§ **WHAT THE TASK REQUIRES**: From the listing below, output the lines between the one with "Shoulder Joint Tear" and the one with "Cyclin B1 Antibody", including those two, and nothing else. Pictures are not copied.
**** THE INPUT
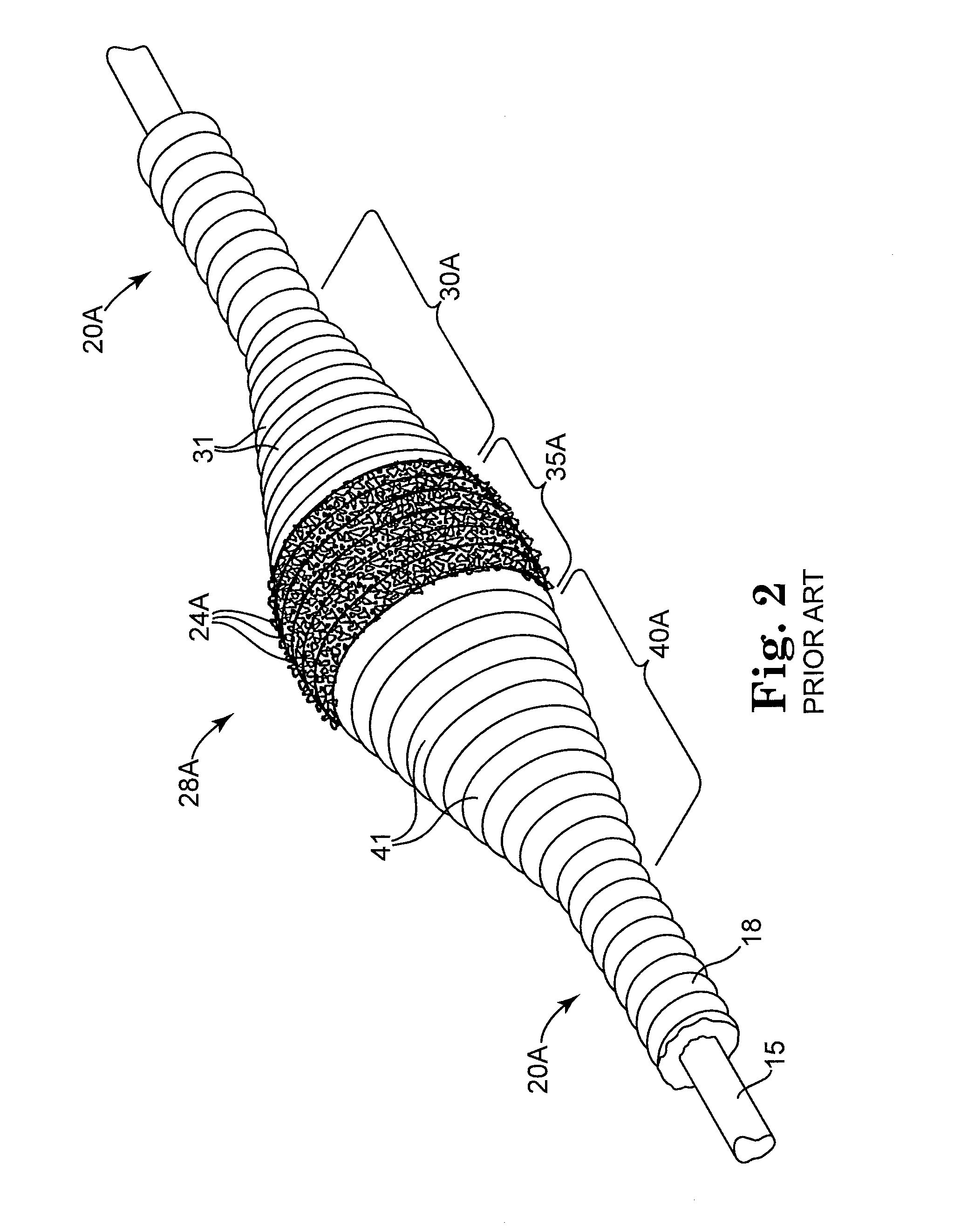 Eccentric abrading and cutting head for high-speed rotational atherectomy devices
********
**** THE INPUT
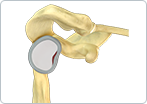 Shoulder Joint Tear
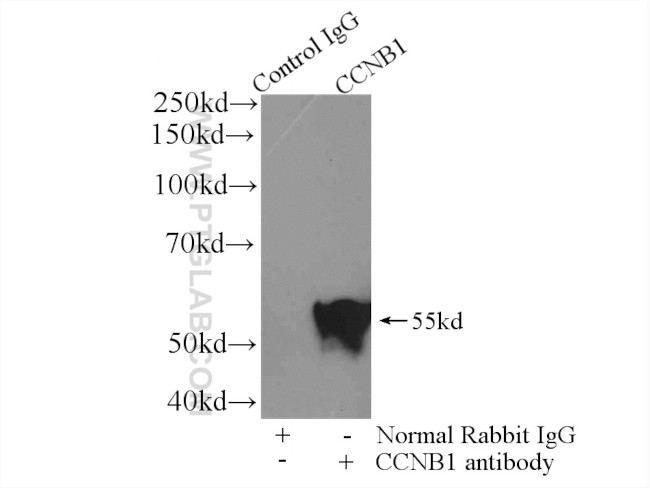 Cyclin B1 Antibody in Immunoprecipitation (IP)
********
§ **ANSWER SPACE**:
 Shoulder Joint Tear
 Cyclin B1 Antibody in Immunoprecipitation (IP)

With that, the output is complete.